Nawa afirma que as demandas dos povos indígenas precisam ser integradas as demandas da população, porque influenciam, inclusive, no cotidiano das pessoas. “A mídia precisa deixar de nos tratar como ‘os Eles’, ‘os distantes’. Nós, povos indígenas, apesar da diferença, apesar das demandas específicas, temos que ter a nossa demanda considerada como algo próximo da realidade da população brasileira”. E pontua que a necessidade de ar respirável, por exemplo, é uma demanda de todos e produto de uma proteção com a floresta que os indígenas dominam há milênios. “Nós nunca fomos um problema a ser resolvido.
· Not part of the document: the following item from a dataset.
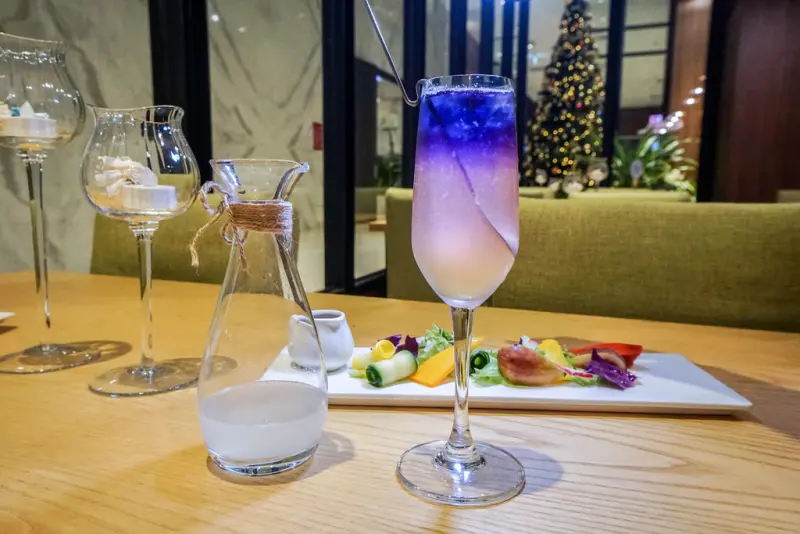 台中聖誕大餐 | 愛麗絲國際大飯店 Aeris International Hotel  精緻金勾貝大餐  採預約限定  10款經典調酒  微醺最美好的夜晚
Não é ‘a questão indígena’, nós somos a solução”. Para o jornalista, infelizmente os fins econômicos das empresas de jornalismo, muitas vezes, superam os interesses de grupos sociais, como os dos povos indígenas.
O cenário de calamidade ter ganhado essa repercussão deixa o jornalista e professor universitário, Guilherme Curi, angustiado, mas não o surpreende. “A grande mídia é a voz do mercado, que na maioria das vezes explora a terra com consequências inimagináveis, desastrosas. Estamos nos aproximando ao ponto do não retorno, o aquecimento global, as toneladas de lixo produzidas diariamente, e continuamos tratando isso como uma mera crise. Quando não é. O que está em jogo é a própria humanidade”. Para Curi, as grandes corporações midiáticas continuam a reproduzir e produzir o mesmo discurso colonialista e violento desde o seu surgimento. “O genocídio dos yanomamis é a consequente aniquilação de humanos que não pertencem a lógica de acumulação. Como a grande mídia é parceira do capital, ela nunca irá tratar de forma direta, clara e devida as coisas como elas são”. E continua. “As grandes empresas de jornalismo agora cobrem esse genocídio por ser algo inevitável. Não havia mais como esconder”.